Hi there, I tried to build DL4J in a Linux OS, with gcc7.0, I saw the following error message. I think I may have some incompatibility issues but couldn’t figure that out. Does anyone have idea that how to fix this? Thanks.

14:07:23 2022-08-22 19:07:15 ERROR org.nd4j.linalg.cpu.nativecpu.ops.NativeOpExecutioner:1959 - Failed to execute op conv3dnew. Attempted to execute with 3 inputs, 1 outputs, 0 targs,0 bargs and 14 iargs. Inputs: [(FLOAT,[1,128,128,128,48],c), (FLOAT,[3,3,3,48,16],c), (FLOAT,[1,16],f)]. Outputs: [(FLOAT,[1,128,128,128,16],c)]. tArgs: -. iArgs: [3, 3, 3, 1, 1, 1, 1, 1, 1, 1, 1, 1, 1, 1]. bArgs: -. Op own name: “bebf562e-71d1-459c-bd27-7f6baeafa585” - Please see above message (printed out from c++) for a possible cause of error.

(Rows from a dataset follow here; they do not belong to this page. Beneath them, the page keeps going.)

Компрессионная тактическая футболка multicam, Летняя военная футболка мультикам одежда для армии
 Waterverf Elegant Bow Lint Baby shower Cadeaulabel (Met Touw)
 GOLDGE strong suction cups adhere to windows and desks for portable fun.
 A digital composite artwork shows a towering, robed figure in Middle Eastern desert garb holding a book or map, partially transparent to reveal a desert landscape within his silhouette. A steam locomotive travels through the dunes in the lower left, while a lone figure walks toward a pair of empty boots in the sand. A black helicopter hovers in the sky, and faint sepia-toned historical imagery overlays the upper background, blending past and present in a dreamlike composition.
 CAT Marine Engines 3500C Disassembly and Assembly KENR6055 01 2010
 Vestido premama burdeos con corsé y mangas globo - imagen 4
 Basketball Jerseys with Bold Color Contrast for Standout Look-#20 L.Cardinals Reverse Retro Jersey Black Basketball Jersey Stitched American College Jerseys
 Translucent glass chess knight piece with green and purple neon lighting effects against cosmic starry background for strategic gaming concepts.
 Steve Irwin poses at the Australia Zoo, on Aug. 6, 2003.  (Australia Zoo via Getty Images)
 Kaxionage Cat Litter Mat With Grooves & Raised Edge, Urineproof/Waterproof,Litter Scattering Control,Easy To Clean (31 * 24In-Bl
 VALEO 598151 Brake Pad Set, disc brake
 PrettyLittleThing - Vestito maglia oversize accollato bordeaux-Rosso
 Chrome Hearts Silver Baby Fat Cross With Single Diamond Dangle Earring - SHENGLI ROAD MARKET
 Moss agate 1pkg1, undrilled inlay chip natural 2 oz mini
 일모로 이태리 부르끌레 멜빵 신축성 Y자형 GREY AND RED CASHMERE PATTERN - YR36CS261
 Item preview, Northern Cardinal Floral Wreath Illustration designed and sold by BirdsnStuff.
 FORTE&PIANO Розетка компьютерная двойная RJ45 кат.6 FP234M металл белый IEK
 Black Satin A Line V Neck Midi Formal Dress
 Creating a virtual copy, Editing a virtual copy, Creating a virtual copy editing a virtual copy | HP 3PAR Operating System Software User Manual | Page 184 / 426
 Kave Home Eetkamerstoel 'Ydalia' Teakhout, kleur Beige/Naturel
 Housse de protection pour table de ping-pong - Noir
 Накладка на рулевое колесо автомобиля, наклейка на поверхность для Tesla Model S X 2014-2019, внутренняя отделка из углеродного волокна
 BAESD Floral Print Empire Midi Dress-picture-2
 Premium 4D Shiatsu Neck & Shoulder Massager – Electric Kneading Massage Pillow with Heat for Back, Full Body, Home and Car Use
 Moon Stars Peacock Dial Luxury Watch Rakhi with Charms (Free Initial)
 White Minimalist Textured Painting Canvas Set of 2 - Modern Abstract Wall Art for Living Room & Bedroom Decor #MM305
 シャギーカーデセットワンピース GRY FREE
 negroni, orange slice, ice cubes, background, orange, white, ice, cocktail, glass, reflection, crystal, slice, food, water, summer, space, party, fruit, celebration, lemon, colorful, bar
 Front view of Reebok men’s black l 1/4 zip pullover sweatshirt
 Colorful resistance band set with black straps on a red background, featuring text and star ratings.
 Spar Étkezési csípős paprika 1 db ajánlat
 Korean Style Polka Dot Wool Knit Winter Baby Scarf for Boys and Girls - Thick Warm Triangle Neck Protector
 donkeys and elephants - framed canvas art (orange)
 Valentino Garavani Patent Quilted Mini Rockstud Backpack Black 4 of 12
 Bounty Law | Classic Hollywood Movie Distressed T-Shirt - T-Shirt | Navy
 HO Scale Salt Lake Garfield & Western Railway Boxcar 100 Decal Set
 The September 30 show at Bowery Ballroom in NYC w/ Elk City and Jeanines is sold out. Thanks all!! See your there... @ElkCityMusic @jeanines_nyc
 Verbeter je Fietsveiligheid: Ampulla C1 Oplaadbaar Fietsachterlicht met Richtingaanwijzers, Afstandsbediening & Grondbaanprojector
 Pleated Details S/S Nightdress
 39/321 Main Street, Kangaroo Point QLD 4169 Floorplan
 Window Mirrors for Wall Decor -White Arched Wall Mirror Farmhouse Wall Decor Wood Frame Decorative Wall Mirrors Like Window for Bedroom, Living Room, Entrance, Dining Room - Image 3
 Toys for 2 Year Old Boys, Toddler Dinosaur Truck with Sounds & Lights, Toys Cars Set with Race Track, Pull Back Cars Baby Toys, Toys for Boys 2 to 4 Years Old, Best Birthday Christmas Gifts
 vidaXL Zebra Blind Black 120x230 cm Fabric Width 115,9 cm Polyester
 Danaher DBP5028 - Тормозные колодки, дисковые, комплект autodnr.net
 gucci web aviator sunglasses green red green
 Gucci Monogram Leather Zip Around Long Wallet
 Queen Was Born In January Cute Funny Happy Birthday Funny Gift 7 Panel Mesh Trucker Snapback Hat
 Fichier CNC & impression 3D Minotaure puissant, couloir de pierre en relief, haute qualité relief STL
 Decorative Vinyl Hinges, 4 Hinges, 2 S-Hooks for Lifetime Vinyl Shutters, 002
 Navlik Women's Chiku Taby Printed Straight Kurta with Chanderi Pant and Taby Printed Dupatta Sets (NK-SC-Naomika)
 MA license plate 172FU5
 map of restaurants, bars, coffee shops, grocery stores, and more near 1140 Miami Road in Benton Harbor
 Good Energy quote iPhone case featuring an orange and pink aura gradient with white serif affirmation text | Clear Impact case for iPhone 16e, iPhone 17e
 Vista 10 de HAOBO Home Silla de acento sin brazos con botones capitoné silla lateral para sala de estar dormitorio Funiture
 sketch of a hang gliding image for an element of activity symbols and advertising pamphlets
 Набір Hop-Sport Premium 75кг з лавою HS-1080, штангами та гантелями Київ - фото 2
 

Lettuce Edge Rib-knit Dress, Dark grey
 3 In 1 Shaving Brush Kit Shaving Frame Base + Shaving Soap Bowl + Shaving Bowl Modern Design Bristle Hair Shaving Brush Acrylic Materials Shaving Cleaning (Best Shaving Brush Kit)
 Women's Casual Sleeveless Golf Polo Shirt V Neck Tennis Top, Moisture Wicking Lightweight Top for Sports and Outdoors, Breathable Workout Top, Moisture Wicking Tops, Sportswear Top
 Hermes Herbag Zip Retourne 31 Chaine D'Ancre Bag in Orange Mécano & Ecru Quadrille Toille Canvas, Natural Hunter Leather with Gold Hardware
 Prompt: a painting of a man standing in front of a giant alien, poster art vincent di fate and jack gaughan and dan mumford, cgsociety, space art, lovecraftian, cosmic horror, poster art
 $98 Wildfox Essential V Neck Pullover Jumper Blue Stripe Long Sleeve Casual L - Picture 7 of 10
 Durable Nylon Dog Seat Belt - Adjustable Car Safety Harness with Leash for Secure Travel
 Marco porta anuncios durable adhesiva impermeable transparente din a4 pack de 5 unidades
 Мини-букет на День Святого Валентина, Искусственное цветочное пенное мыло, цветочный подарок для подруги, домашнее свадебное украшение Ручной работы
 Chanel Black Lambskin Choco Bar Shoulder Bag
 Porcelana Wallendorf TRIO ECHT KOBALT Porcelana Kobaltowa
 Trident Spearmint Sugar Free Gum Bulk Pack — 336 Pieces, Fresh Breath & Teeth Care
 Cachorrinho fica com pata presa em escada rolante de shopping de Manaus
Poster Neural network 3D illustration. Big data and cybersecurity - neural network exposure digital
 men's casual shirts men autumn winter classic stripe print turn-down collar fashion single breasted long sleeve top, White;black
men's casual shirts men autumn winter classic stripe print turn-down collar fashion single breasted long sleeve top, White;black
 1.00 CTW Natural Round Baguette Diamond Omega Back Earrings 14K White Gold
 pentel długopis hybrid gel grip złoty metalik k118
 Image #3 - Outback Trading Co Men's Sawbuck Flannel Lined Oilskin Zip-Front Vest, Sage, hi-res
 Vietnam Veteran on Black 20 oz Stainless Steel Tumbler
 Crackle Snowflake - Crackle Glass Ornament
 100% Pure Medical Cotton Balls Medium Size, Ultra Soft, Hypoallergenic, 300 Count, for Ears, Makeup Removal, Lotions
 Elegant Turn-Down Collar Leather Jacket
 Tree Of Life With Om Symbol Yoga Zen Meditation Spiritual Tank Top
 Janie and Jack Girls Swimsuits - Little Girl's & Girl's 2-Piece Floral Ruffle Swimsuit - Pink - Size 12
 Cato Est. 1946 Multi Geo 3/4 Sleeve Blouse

14:07:23 java.lang.RuntimeException: Op [conv3dnew] execution failed 14:07:23 at org.nd4j.linalg.cpu.nativecpu.ops.NativeOpExecutioner.exec(NativeOpExecutioner.java:1561) 14:07:23 at org.deeplearning4j.nn.layers.convolution.Convolution3DLayer.preOutput(Convolution3DLayer.java:275) 14:07:23 at org.deeplearning4j.nn.layers.convolution.ConvolutionLayer.activate(ConvolutionLayer.java:509) 14:07:23 at org.deeplearning4j.nn.graph.vertex.impl.LayerVertex.doForward(LayerVertex.java:110) 14:07:23 at org.deeplearning4j.nn.graph.ComputationGraph.outputOfLayersDetached(ComputationGraph.java:2442) 14:07:23 at org.deeplearning4j.nn.graph.ComputationGraph.output(ComputationGraph.java:1744) 14:07:23 at org.deeplearning4j.nn.graph.ComputationGraph.output(ComputationGraph.java:1700) 14:07:23 at org.deeplearning4j.nn.graph.ComputationGraph.output(ComputationGraph.java:1630) 1

pom.xml
<dl4j.version>1.0.0-M2</dl4j.version>

org.deeplearning4j deeplearning4j-core ${dl4j.version} org.datavec datavec-data-image org.nd4j nd4j-native-platform ${dl4j.version} org.datavec datavec-api ${dl4j.version} org.nd4j nd4j-native ${dl4j.version} linux-x86_64-compat

Can you also share a few of the lines above that error? Usually it does tell you what is wrong.

Hi Treo,

Ah I think my work node does not have enough memory to build and run, I ran it at another instance with large memory then it went through.

I found it requires ~10GB memory to allocate all necessary parameters, is it true or I may misconfigure something else?

Thanks.

That may happen if you have particularly large inputs, large batch sizes, or a big model.

Don’t forget that you need memory to not only hold your parameters, but also all intermediary state, like the results of operations that will receive parameter updates through back-propagation, as well as the updater state.

The updater state for the Adam optimizer will take about 3 times as much memory as your parameters alone. And depending on the model configuration and input size, that too will be dwarfed by the intermediary state that needs to be retained to calculate the gradient for your model.

1 Like

Thank you for your quick reply. I will double-check the size.